Hounding Morgan at every step is Dick Murray, director of the CIA. Murray only cares about results and the protection of his country, a man desperate for success after being outmanoeuvred by the Chinese the last time they discovered Ancestor technology. Morgan needs his help, but every bit of assistance Murray offers is a double-edged sword. Thankfully, Morgan isn’t alone. Doctor Mary Ellen, his colleague, friend and partner, was also witness to the capabilities of Ancestor technology before, and uses her extensive scientific knowledge and force of personality to help ISUP succeed against the odds. Operating from within the shadows is Ling Soo, the Chinese Minister of Intelligence, a dangerous and canny opponent. Using deception and the co-operation of international allies, he proves an adept opponent equally capable in both the political and military fields.

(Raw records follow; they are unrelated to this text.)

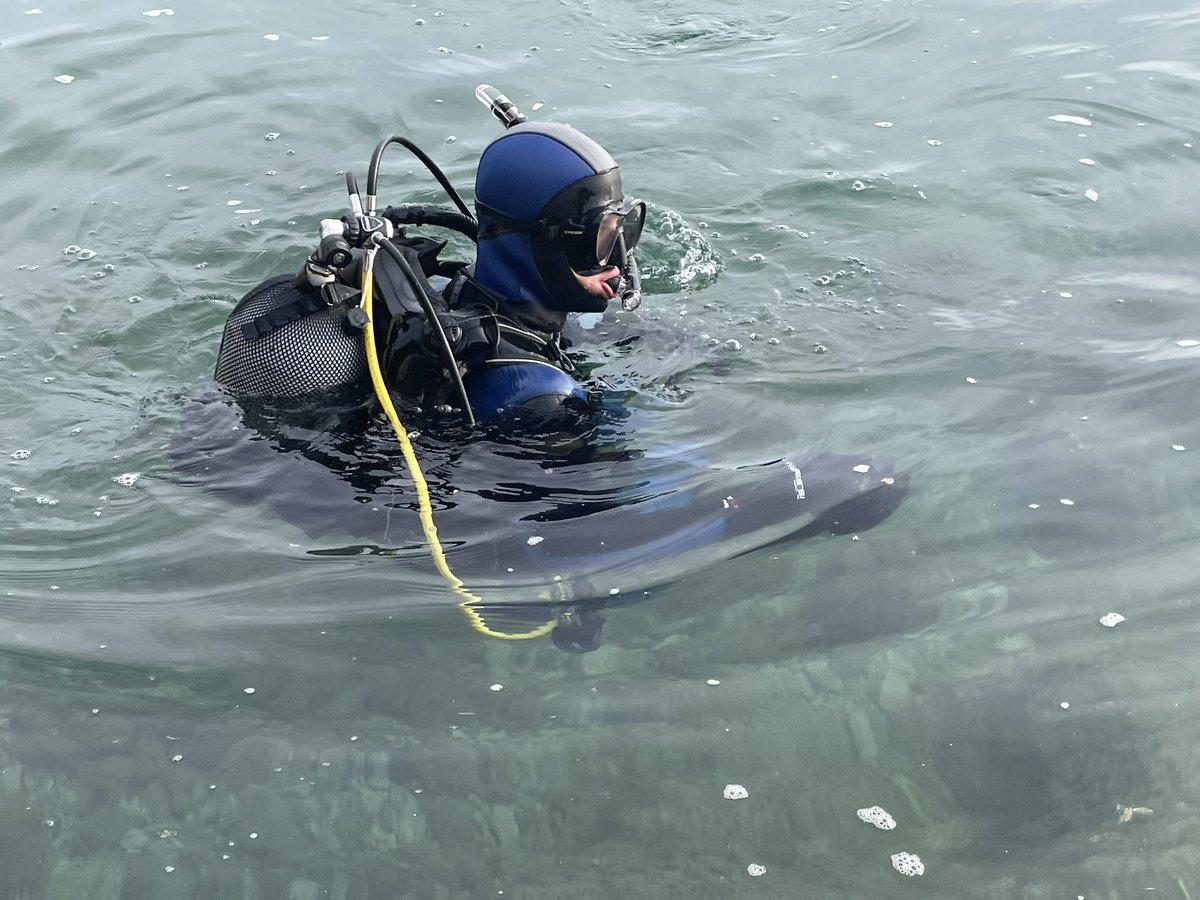 DiverExperts's tweet photo. Advanced Open Water Diver tanulók gyakorolnak.

Tájolás, ön és társmentési gyakorlatok, víz alatti képességek fejlesztése. https://t.co/ZdrV5LyNY4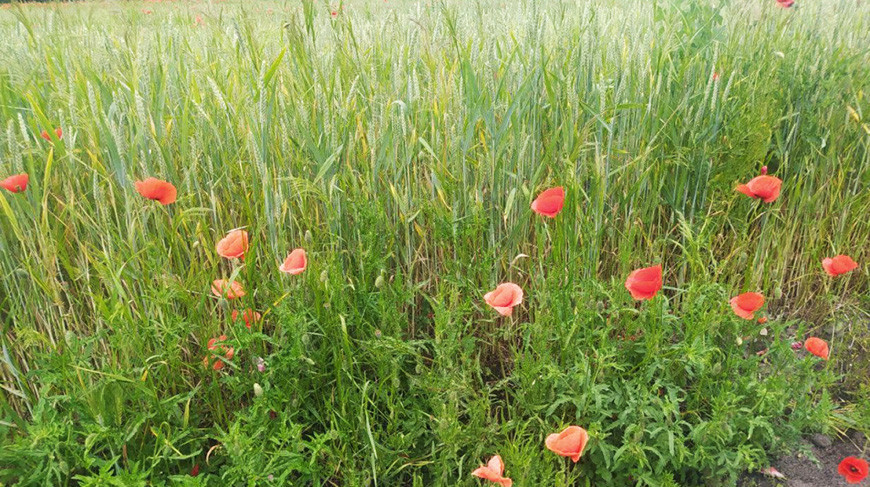 Фото из архива УВД Брестского облисполкома
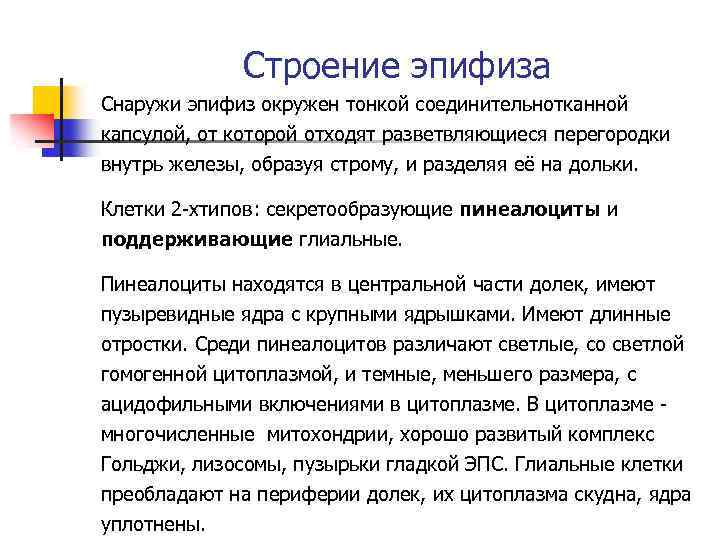 Строение эпифиза Снаружи эпифиз окружен тонкой соединительнотканной капсулой, от которой отходят разветвляющиеся перегородки внутрь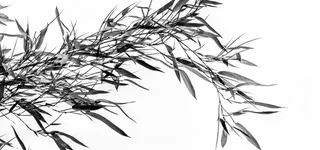 水墨水磨色的竹子图片高清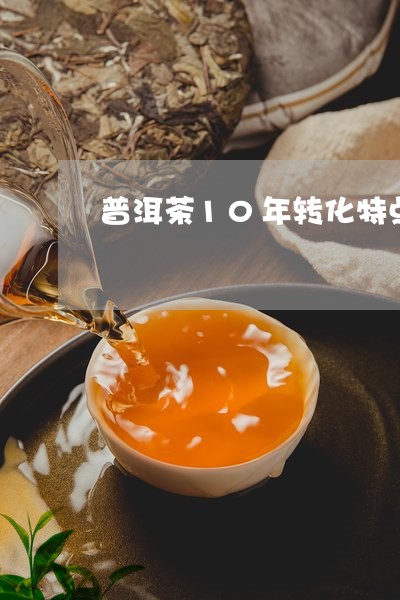 普洱茶10年转化特点/2023092873939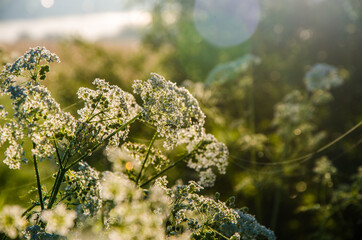 yarrow in the frost and morning mist by the pond - 387894916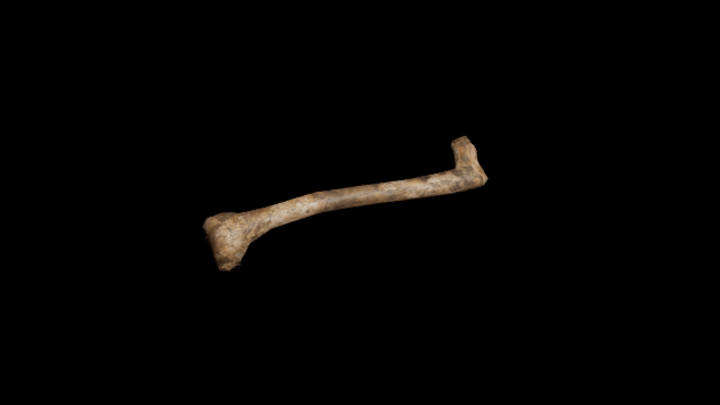 UE项目资源_模型资源_骨头116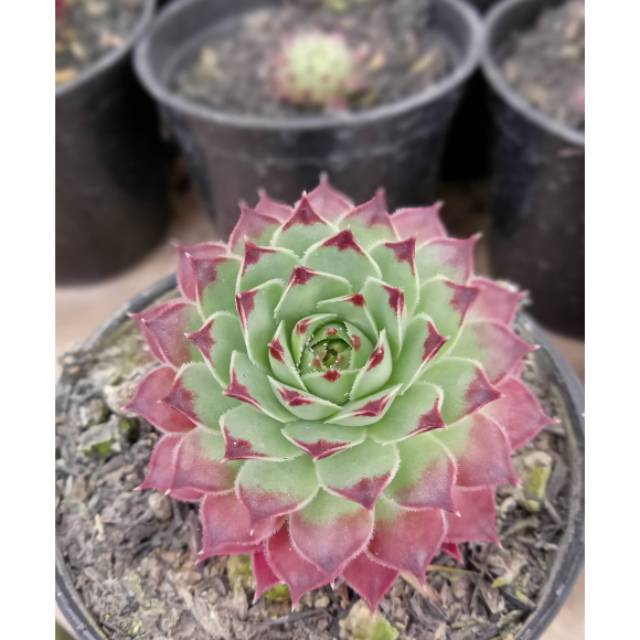Sukulen sempervivum merah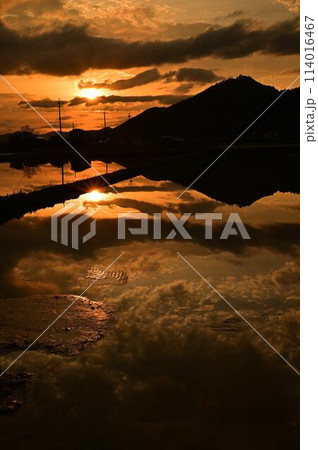 丹波篠山の日の出 丹波篠山の日の出 114016467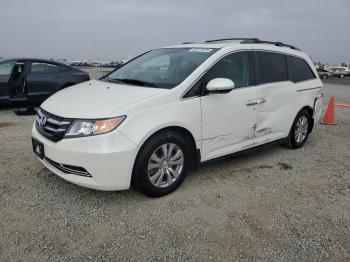  Salvage Honda Odyssey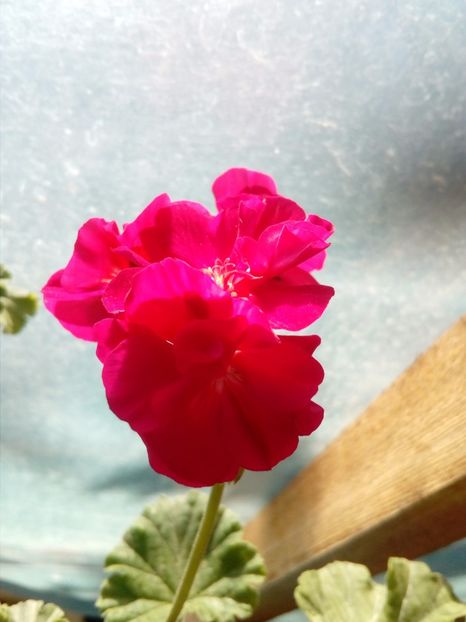  - plante de interior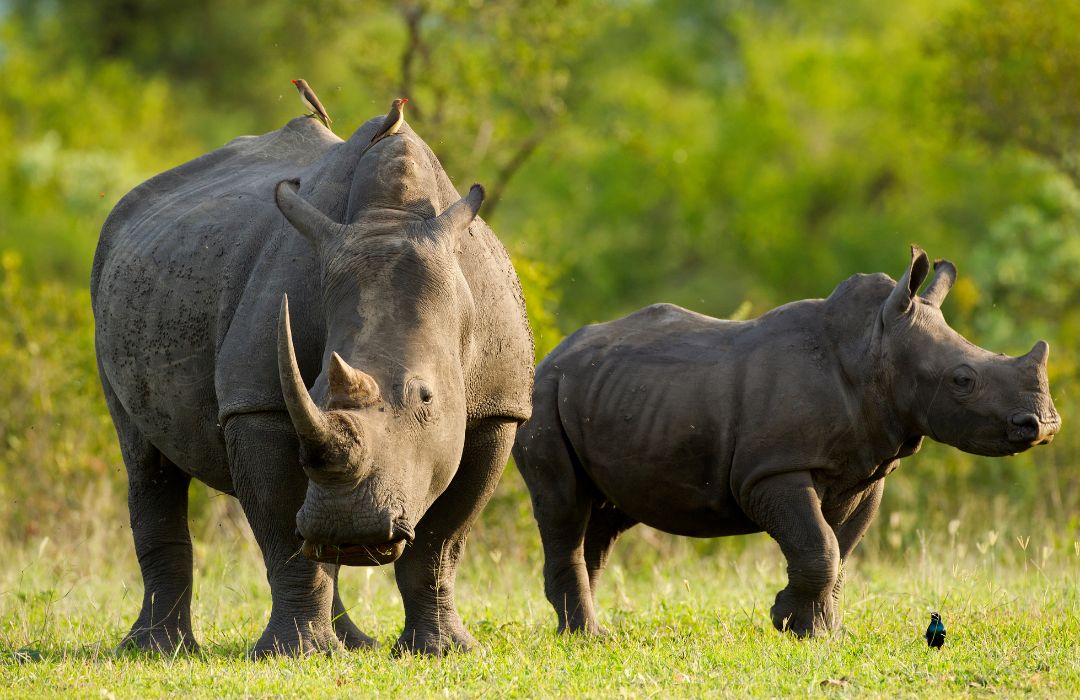 7-day Kenya safari itinerary 
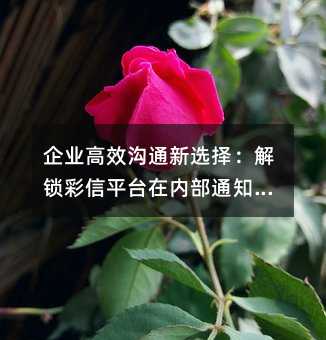 企业高效沟通新选择:解锁彩信平台在内部通知中的妙用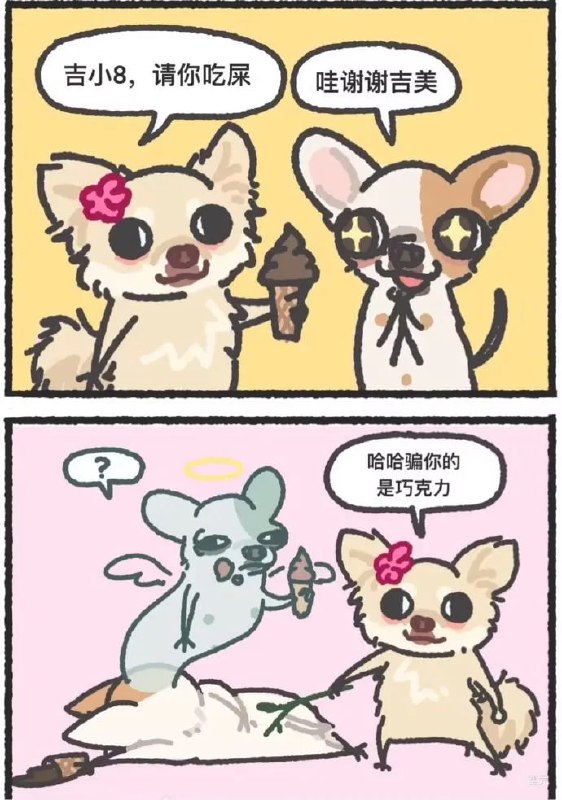 from 平壤卫视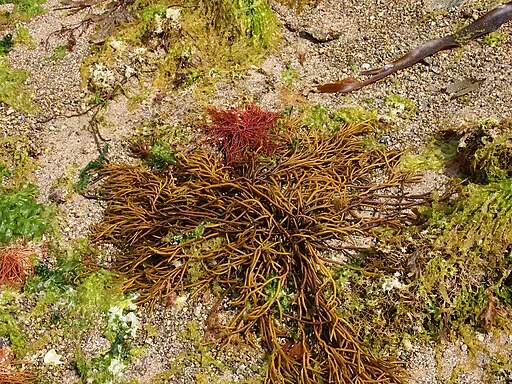 Algues à Concarneau par rosier, CC BY-SA 4.0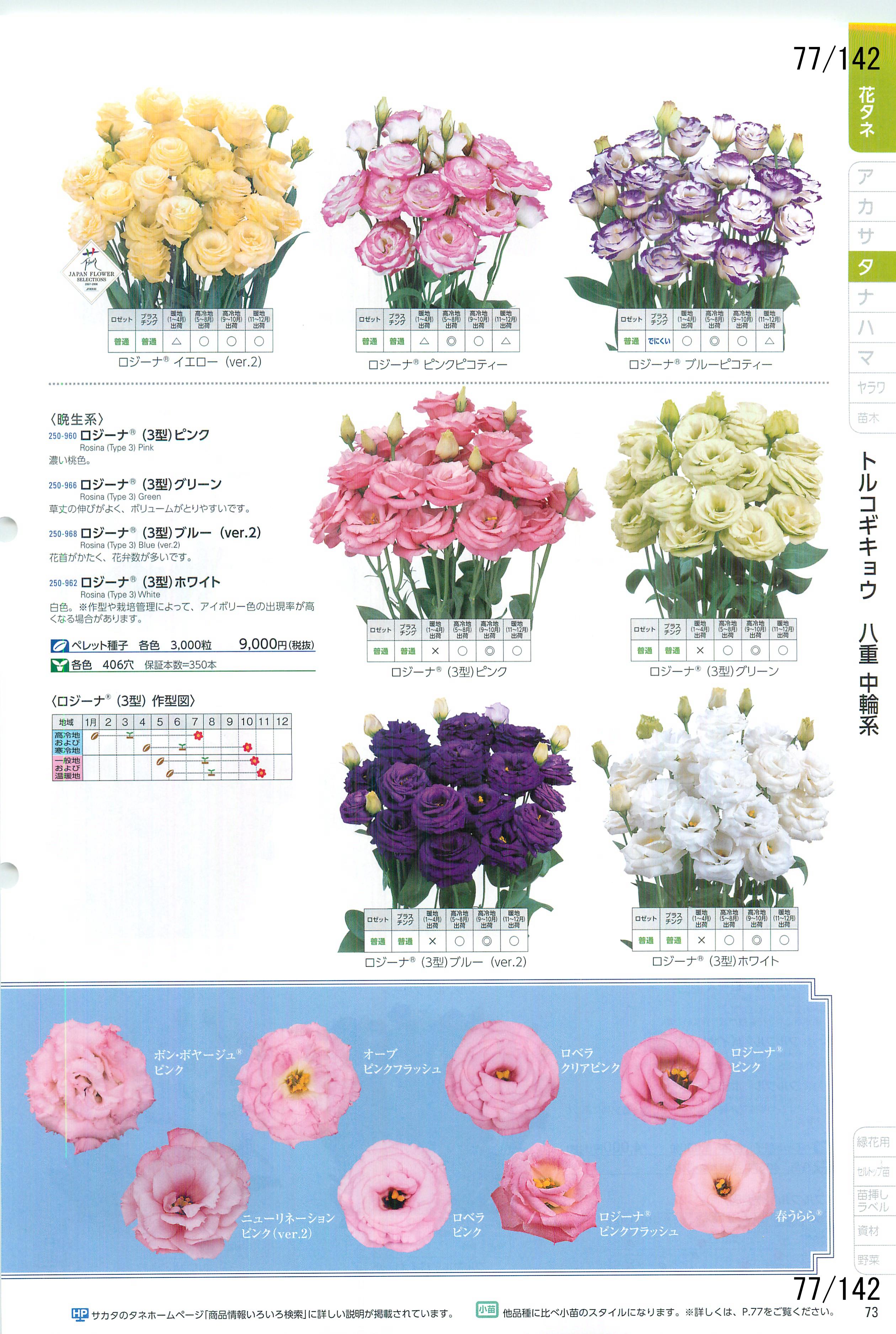 TJ^̉ CATALOG No.92F77y[W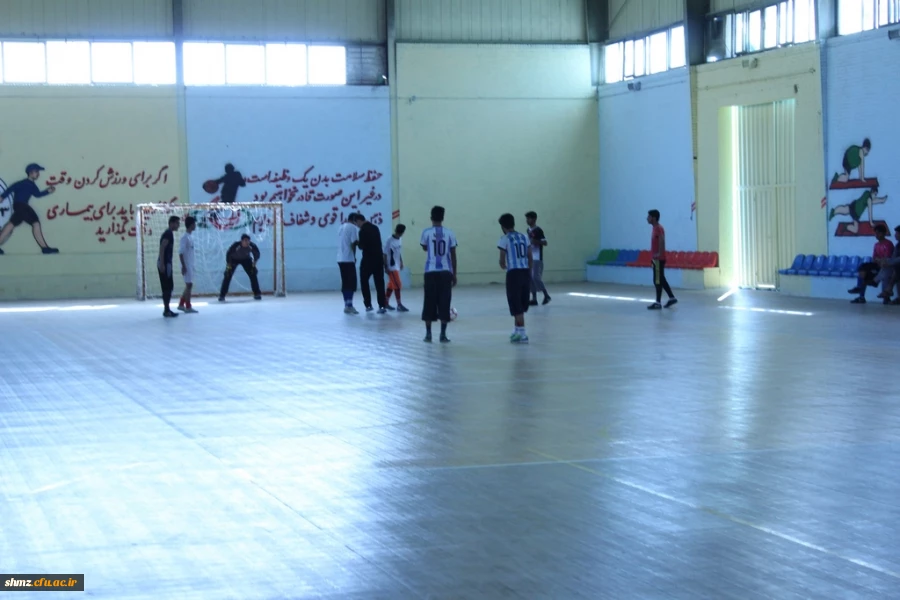 مسابقات ورزشی جام ورزشی ولایت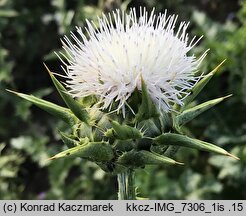 Silybum marianum (ostropest plamisty)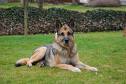 Hunter vom Flakenbruch Hunter vom Flakenbruch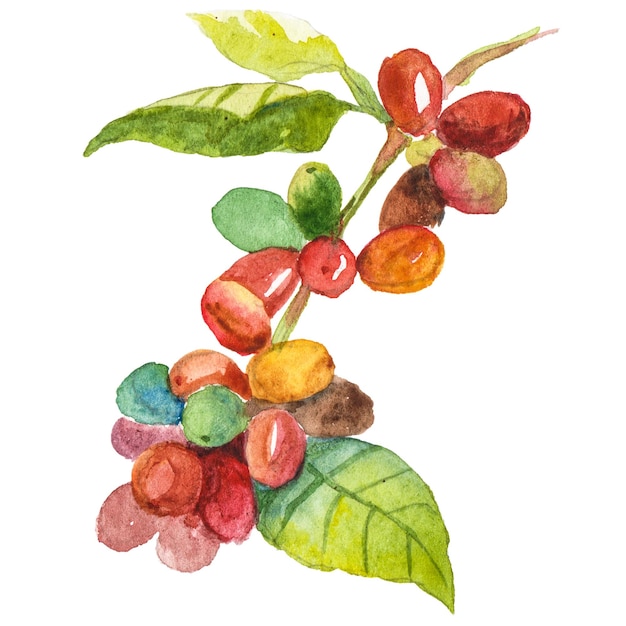 Abstrakte Aquarellillustration des Kaffeebaumzweigs Handgezeichnete Naturgestaltungselemente isoliert auf weißem Hintergrund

The dual UN-Cambridge team investigates the rift in the ice cap while trying to prevent too much information from leaking out to the various international factions eager for a piece of the pie. What they find is a fully operational habitat, with several flying vehicles that are still in top condition. The flying vehicles are saucer-shaped crafts, and raise questions about humanity’s origins, and whether our history is as complete or short as we’d been led to believe. Before the full implications of the discovery can be worked through, the Chinese manage to secure the information about the rift’s contents and execute a daring plan to steal one of the flying saucers. It’s up to Murray and Morgan to set aside their differences in order to track and recover the stolen craft.
The Ice Cap and the Rift reads like a story-driven political thriller with a sci-fi twist. In style it’s reminiscent of Tom Clancy in that Marshall explains the workings of his world in great detail. His research into a variety of topics lends this text believability and weight. You get a very real sense that he knows what he’s talking about regarding the way the various organisations and modern technology works. The unfortunate trade-off, however, is that the narrative flow gets interrupted by lengthy exposition.
The blending of the science fiction into the real-world setting is handled very well, with a careful reverence that’s not often experienced in novels. The mystical and spiritual nature of the Ancestors is well defined because of this, lending a strange metaphysical feeling to everything centred on their works. From the get-go he manages to arouse intrigue as to what we have in the rift, and who its mysterious architects were.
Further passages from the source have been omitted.